# About Arrow IPC/Feather format

***

Apache Feather

Arrow is the "bridge" between the storage world (Parquet/ORC) and the compute world (CPU/RAM).

**Feather** (specifically Feather V2) is essentially the **Arrow IPC**(IPC stands for Inter-Process Communication) **format saved to a file**. When you save a `RecordBatch` to disk as a Feather file, you are taking the exact byte-for-byte memory layout of Arrow and dumping it into a file with a small footer.

The "magic" of Arrow IPC is that it is **identical** to the Arrow in-memory format.

***

#### Why use Feather instead of Parquet?

If Parquet is a "**Suitcase**" (packed tight for travel), Feather is a "**Wardrobe**" (everything is already on hangers).

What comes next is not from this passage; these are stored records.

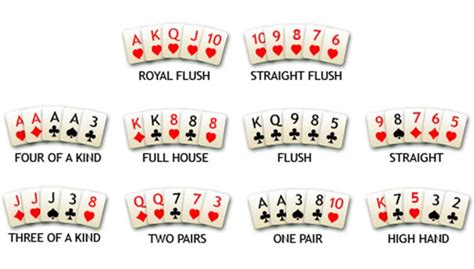 Best online poker tips and tricks for beginners and pro players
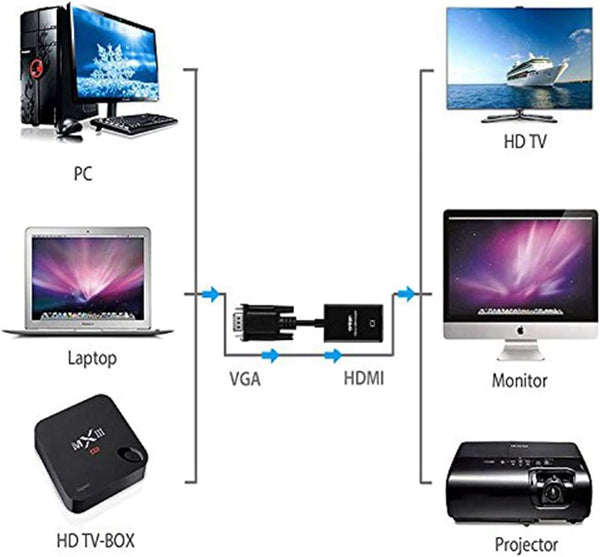 ONTEN VGA to HDMI, 1080P VGA to HDMI Adapter (Male to Female) for Computer, Desktop, Laptop, PC, Monitor, Projector, HDTV with Audio Cable and USB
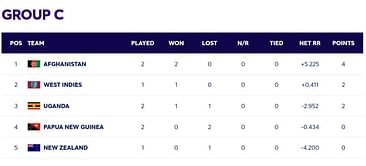 2024 T20 World Cup Points Table: Updated standings after New Zealand vs Afghanistan match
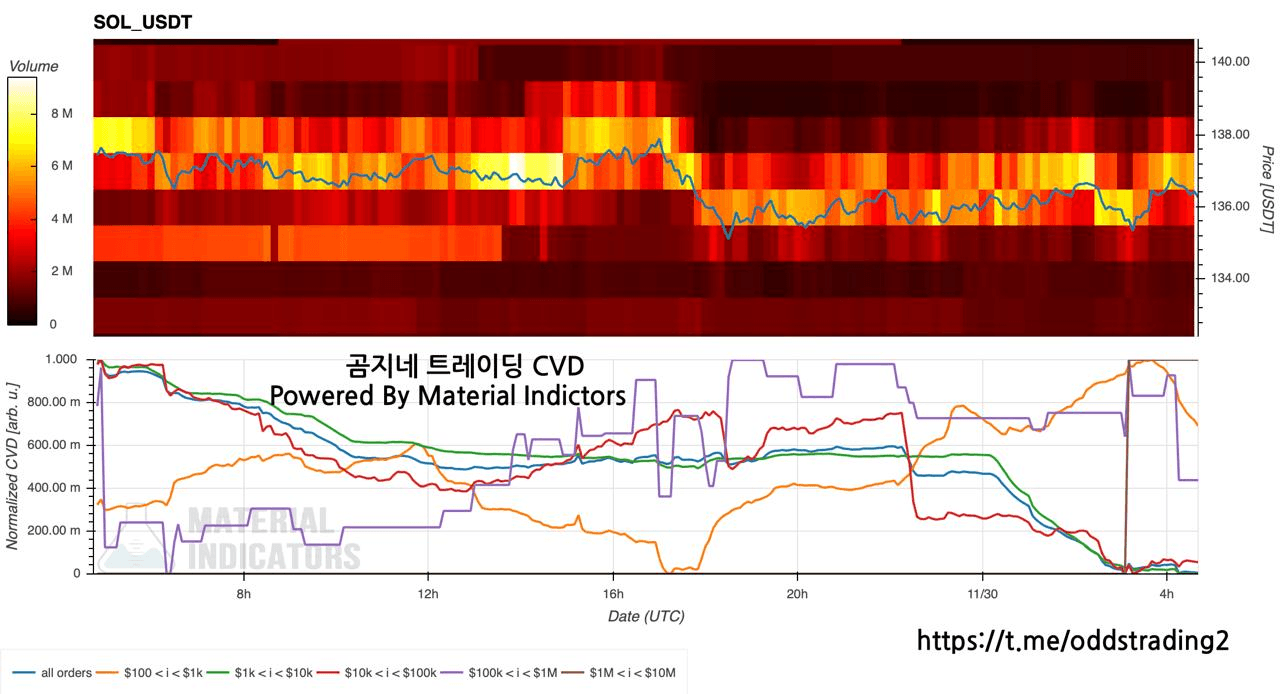 oddstrading2/52605/6152204321680984926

| **Feature**     | **Parquet**                             | **Feather (Arrow IPC)**                     |
| --------------- | --------------------------------------- | ------------------------------------------- |
| **Speed**       | Fast (but needs decompression/decoding) | **Blazing** (Zero-copy / Memory-mapping)    |
| **CPU Usage**   | High (Decompressing data)               | **Near Zero** (Data is ready to use)        |
| **File Size**   | Small (Highly compressed)               | Larger (Uncompressed or lightly compressed) |
| **Portability** | Universal (Spark, Presto, Snowflake)    | Optimized for Python/R/Go/C++               |

#### The "Magic" of Memory Mapping

The coolest thing about Feather is **Memory Mapping** (`mmap`).

When you "read" a Feather file, the operating system doesn't actually load the file into your RAM. Instead, it creates a mapping. Your program thinks the data is in memory, and the OS only pulls the specific bytes from the disk at the exact moment your CPU asks for them.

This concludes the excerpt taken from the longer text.